Activity:
Reproduce the following data exactly, minus any images.

Data excerpt:
%%
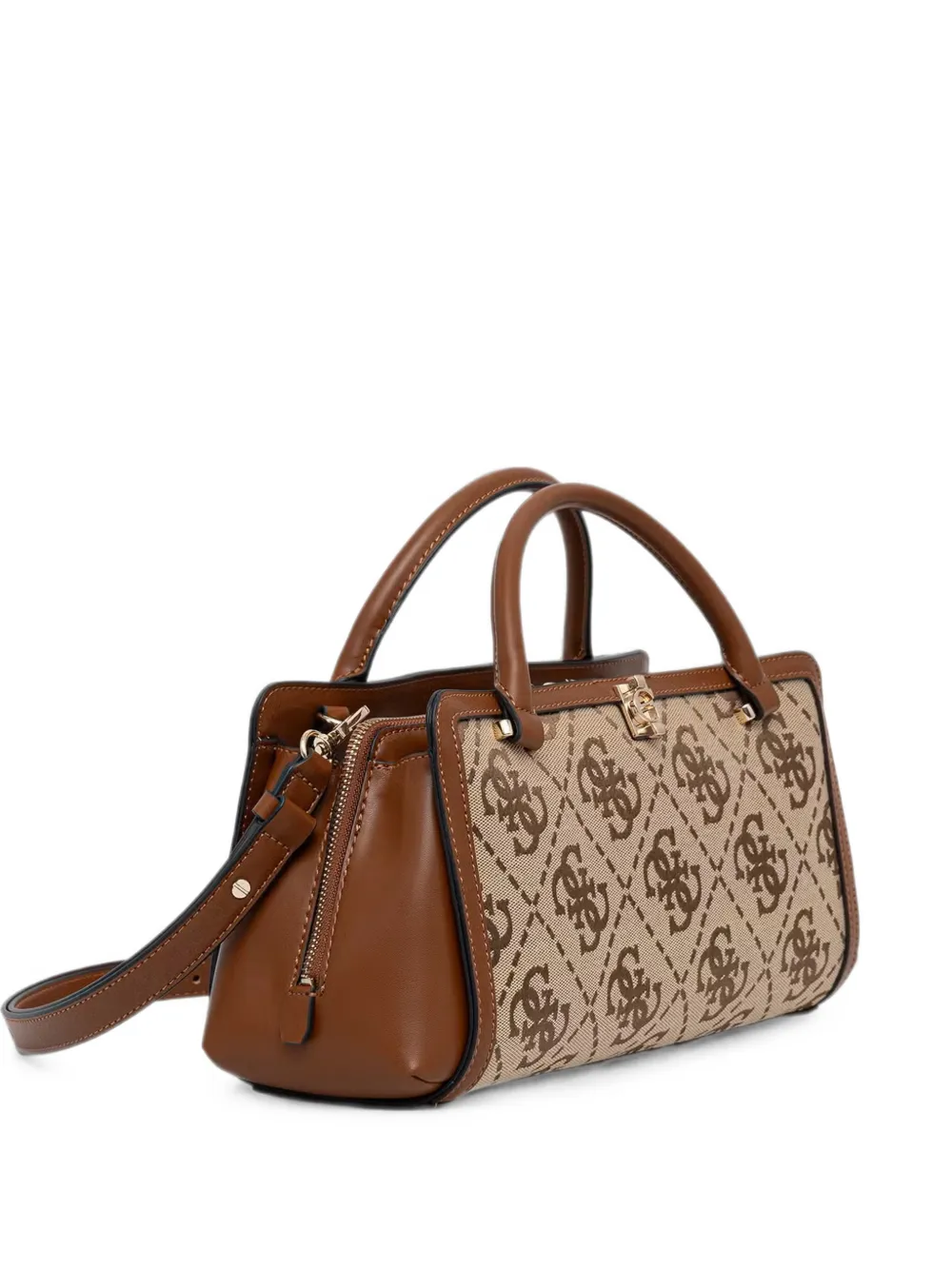 GUESS USA Borsa a spalla con placca logo - Marrone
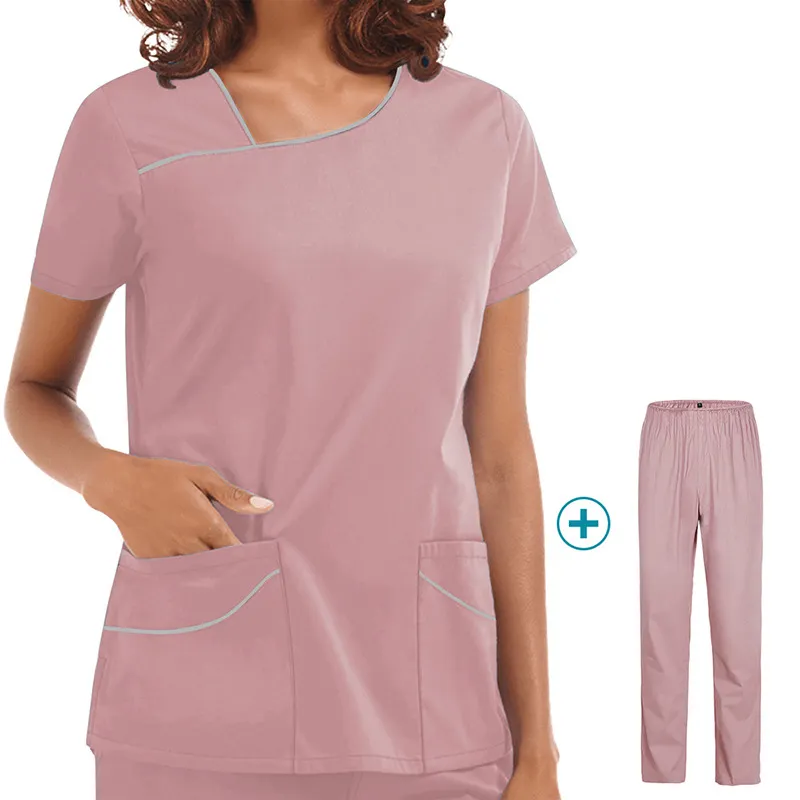 स्क्रब्स वर्दी चिकित्सा अस्पताल नर्सिंग सेट महिलाओं कस्टम और थोक सेट 2021 गर्म बिक्री लघु आस्तीन सूट शीर्ष स्क्रब वर्दी
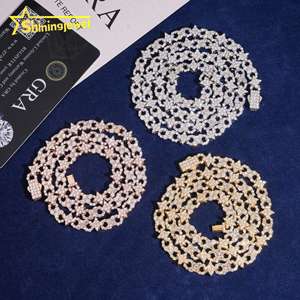 Nuova piccola collana ghiacciata piccola stella Infinity catena a maglie Moissanite bracciale cubano personalizzato Hip Hop diamanti gemelli cubani - Product Image 6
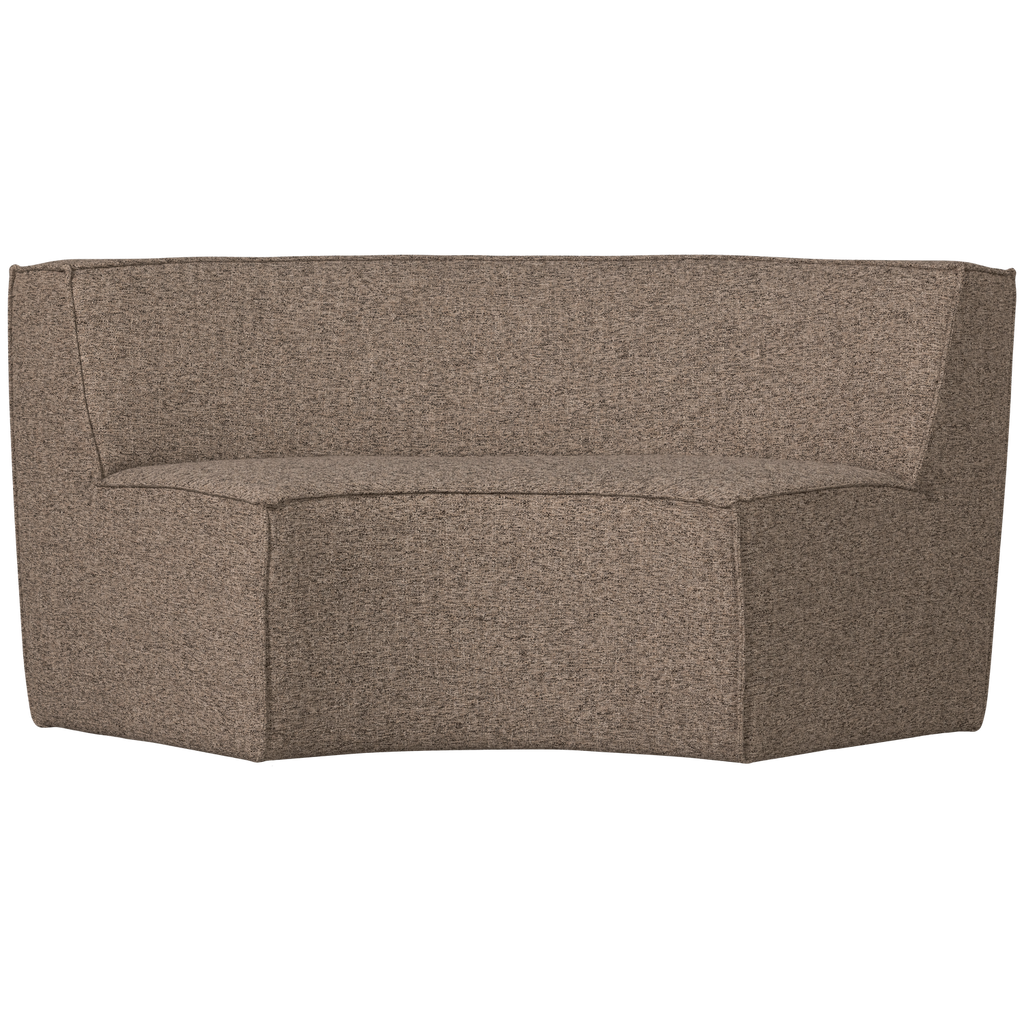 EUROPA 2-SEATER DINING BENCH WOVEN FABRIC DARK BROWN MELANGE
%%
Exercise answer:
 GUESS USA Borsa a spalla con placca logo - Marrone
 स्क्रब्स वर्दी चिकित्सा अस्पताल नर्सिंग सेट महिलाओं कस्टम और थोक सेट 2021 गर्म बिक्री लघु आस्तीन सूट शीर्ष स्क्रब वर्दी
 Nuova piccola collana ghiacciata piccola stella Infinity catena a maglie Moissanite bracciale cubano personalizzato Hip Hop diamanti gemelli cubani - Product Image 6
 EUROPA 2-SEATER DINING BENCH WOVEN FABRIC DARK BROWN MELANGE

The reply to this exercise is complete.